Wednesday, October 08, 2008

today : sailing on the sea of red

I don't have a degree in economics. I'm not even that good at sums. But I do know when things don't smell right.

Here's my question. Where did the money go? I'm not talking about the money that dried up in the credit markets that apprently started this whole shebang. I'm talking about the money that has been poured into the world banking system over the past month or so by pretty much every central bank in the world. 10 billion here, 30 billion there, it's a daily occurence that central banks are pumping 'liquidity' into the markets. But it seems that the central bankers have driven their Chevys to the Levees to find that the Levees are dry. And filled with sponges. And with a leak in the other side.

Because it seems that however much cash is pumped in, it achieves nothing. The credit market doesn't suddenly unjam. It seems that none of this endless new cash is actually liquid.

Imagine this: 9% of American mortgage-holders are in default. That means that another swathe are on the edge - leveraged to the hilt against the value of the house, working two jobs, paying the mortgage one month and the credit card the next, and a further swathe of homeowners are one illness, new baby or job-loss away from joining those strugglers. Let's be conservative (deliberate small c) in our estiimate. Let's say that 20 percent of US mortgage holders are in one of these three groups.

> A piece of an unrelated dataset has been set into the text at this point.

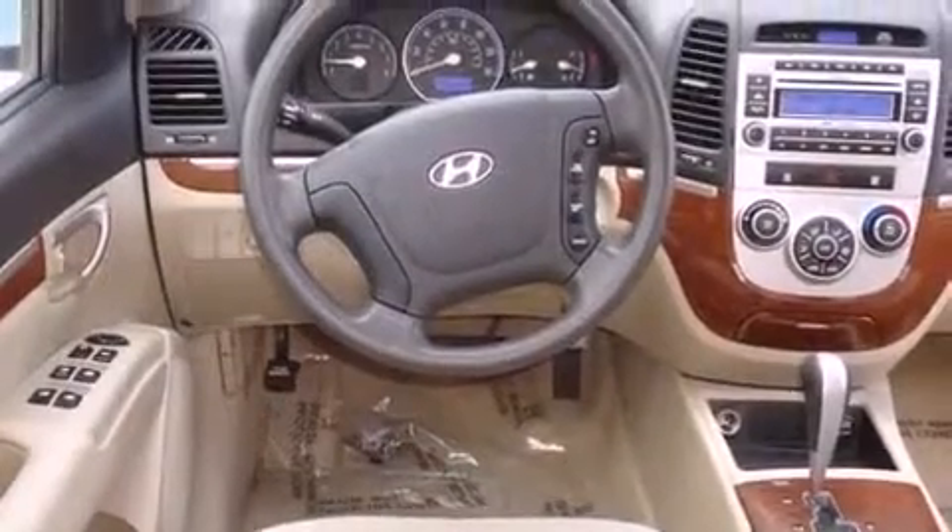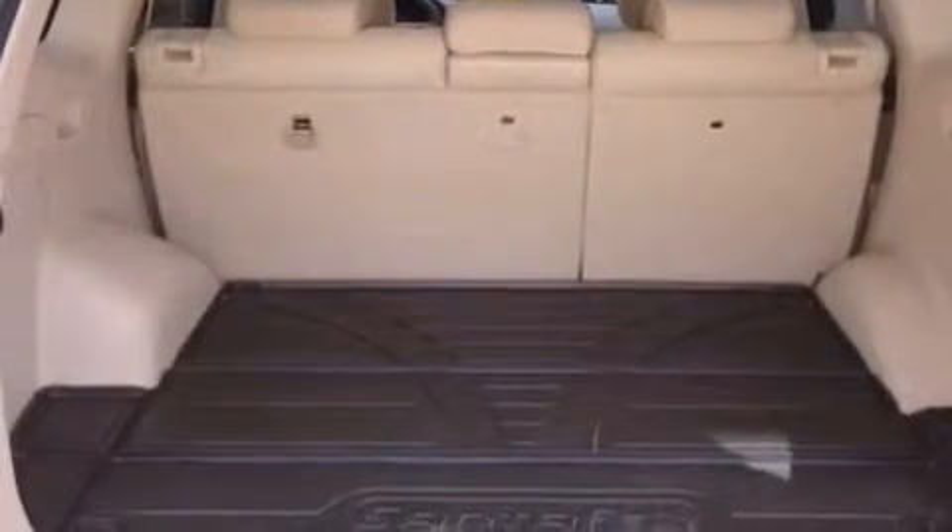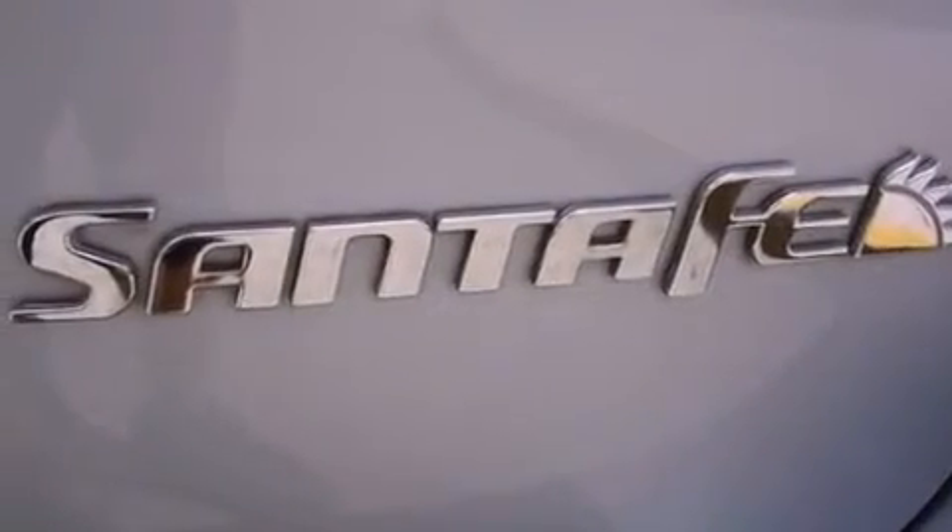Its top features include a multi-link rear suspension, a low tire pressure indicator, aluminum wheels, and traction control and stability control systems.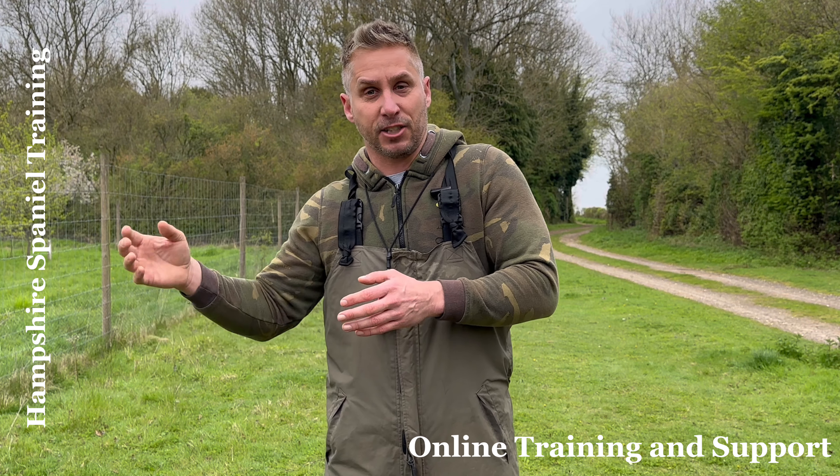Hopefully that gives you a quick broad spectrum view of the first 18 months to two years. This is the sort of thing I'm trying to coach my online clients through — ideally picking people up at eight weeks so we can set out that map all the way through the training. If that's something you're interested in, go to my Facebook page, Hampshire Spaniel Training, and send me a message for more details.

An annual 16 percent fall in house values means that more and more are sliding into negative equity.

I read the other day that property in the US in total is worth about 7 trillion dollars. Okay, so roughly 9% of that is the 700 billion bailout. I get that bit. But what about the rest? No wonder banks are squirreling away the free cash. They know that the black hole is way bigger than the headline figures. And as the economy continues to tank and house values plummet the bottom gets further away.

Good job the bankers all have luxury yachts to live on.